Jiang Chaoliang, governor of China's northeastern Jilin province, said the province would draw up a blueprint for the Tumen River Delta international tourism area this year, according to Xinhua.
The Tumen River divides China and North Korea.
Officials are exploring a management model of the tourism zone that would involve China, Russia and North Korea, Xinhua said. Visitors shall enter the tourism zone without visas and shopping shall be duty-free, Xinhua said, citing officials.
In the long run, South Korea, Japan and Mongolia will join the tourism area via highways, railways and air routes, Xinhua said, citing Zhao Xiaojun, director of Jilin Provincial Tourism Administration.
The initiative was put forward by the Hunchun city government in Jilin in 2013, Xinhua said.
The zone is the latest push by North Korea to transform itself into a tourist attraction - a move with potential economic gains in the short term that avoids restructuring ailing industrial plants.

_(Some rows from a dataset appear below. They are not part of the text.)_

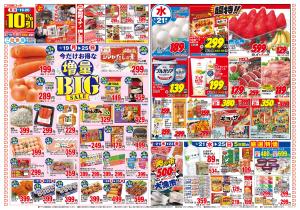 1/19〜1/25のチラシ画像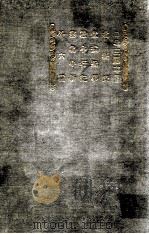 満蒙叢書 第二卷 1919 PDF电子版封面 内藤虎次郎等輯
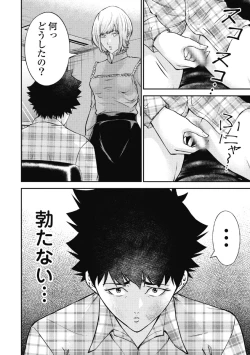 Page 70 of Kankinkon 2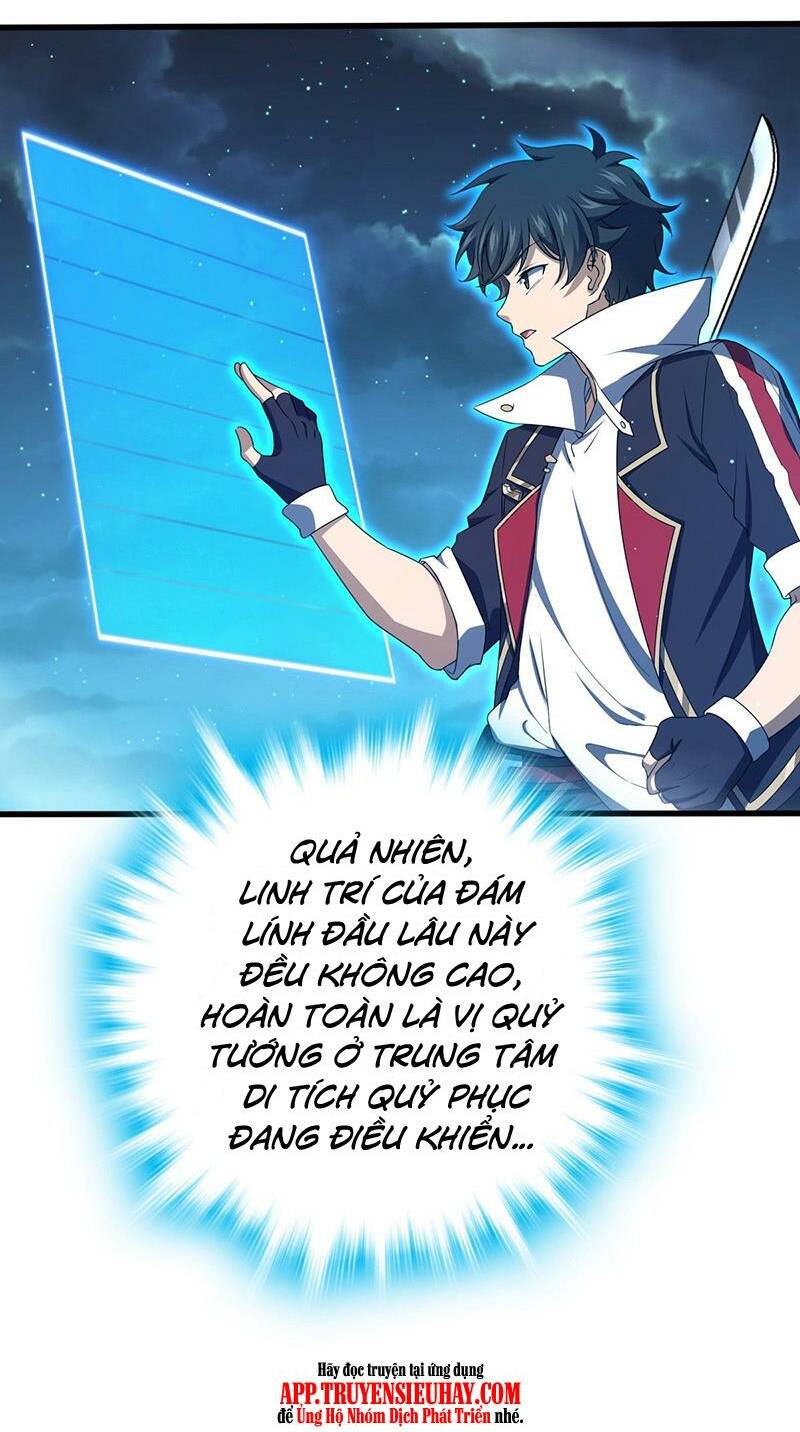 Đại Vương Tha Mạng Chapter 767 - Trang 2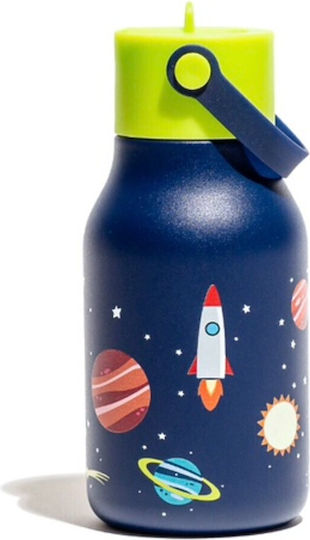 Lund Παιδικό Παγούρι Ανοξείδωτο με Καλαμάκι 400ml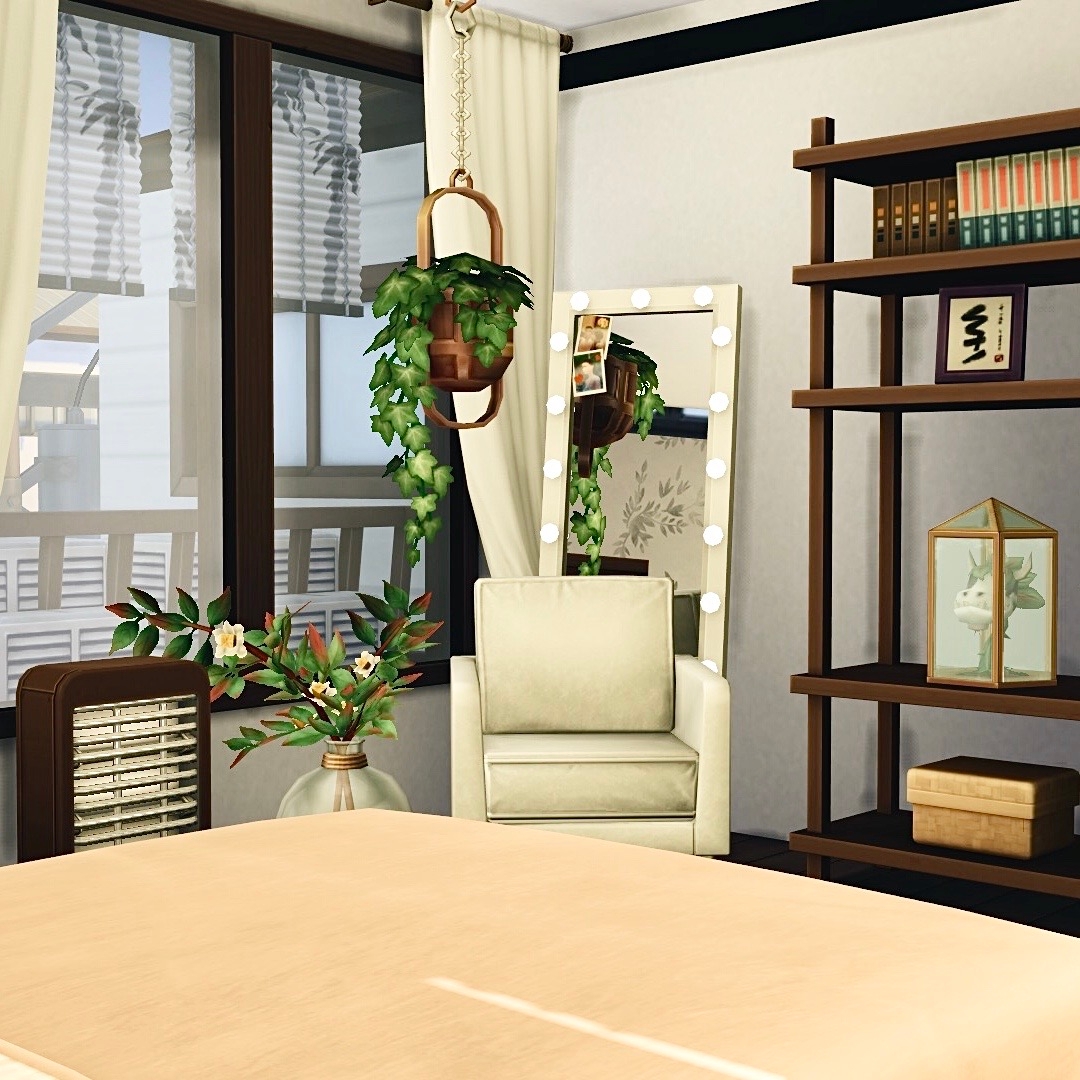 Japanese Home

Many of its projects target Chinese tourists, for whom the North is a cheap destination. While many Chinese flock to Paris, London or New York, some visit North Korea for a slice of nostalgia from the days before their own country opened up to the outside world in the 1980s, according to regular western visitors to Pyongyang.
China is North Korea's most important diplomatic and economic ally, although three nuclear tests, several rounds of sabre-rattling and violence on the China-North Korea border have tested Beijing's support.